The frenzy over the metaverse is new, but the idea of it is two decades old. In 1992, author Neal Stephenson coined the term for his virtual world in his novel Snow Crash. In the simplest description, the metaverse is the physical and digital convergence of experiences, services, and identity, enabled by an array of new technologies.
Think of it as the internet’s next evolution, where people can work, learn, play, shop, meet, and explore in interconnected communities. Websites become interactive virtual worlds, links are replaced by portals between those worlds, a digital avatar replaces your username, and the keyboard and mouse are replaced by mixed reality interfaces. Software and hardware will allow us to move seamlessly between physical and digital spaces, augmenting the real world and creating new shared digital experiences.
That vision is now leaving the realm of sci-fi pages and movies and coming closer to reality, thanks to new technologies, changing consumer habits, and the fact that businesses see massive economic opportunity ahead. Established brands are staking their claim in cryptocurrency, gaming, and NFTs. Facebook changed its name to Meta last year and announced its intention to be a metaverse company, not a social media company. This digital universe has also captured the growing attention of venture capital firms, with startups (including OpenSea, Animoca Brands, and Sandbox) attracting millions of dollars in funding.
The rest of us may wonder: Has the metaverse’s moment finally come?

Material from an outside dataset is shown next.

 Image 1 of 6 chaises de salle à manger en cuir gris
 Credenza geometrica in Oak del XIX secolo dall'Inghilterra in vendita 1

We think so, but only if the technology that underpins all of its future activities can replicate (or improve upon) what’s in the physical world. That means secure cryptocurrency that will enable us to buy and sell physical and digital items; customized avatars that can express our personalities, job roles, and moods; and interfaces that let us move in and out of digital worlds and interact with others where and when we choose.
Jump into the metaverse
Imagine your persona in this virtual space is as richly detailed and unique as the “real” you. Your work avatar might wear designer digital clothes, while your gaming avatar might don a custom pair of NFT-certified Nikes. Picture having a wallet filled with cryptocurrency, tied to your real-world money, to invest in virtual real estate, buy concert tickets to see your favorite band perform, or attend sporting events and conferences. Going to work might look completely different: Meetings won’t require getting in the car or launching Zoom; instead, you’ll put on your VR headset and proceed to your virtual office. In your off-hours, you might visit an NFT art gallery or dance to your favorite AI-powered DJ at a digital club.
The metaverse promises to be a digital twin of our physical universe but without physical limitations. It presents endless possibilities, but is the technology ready to deliver them?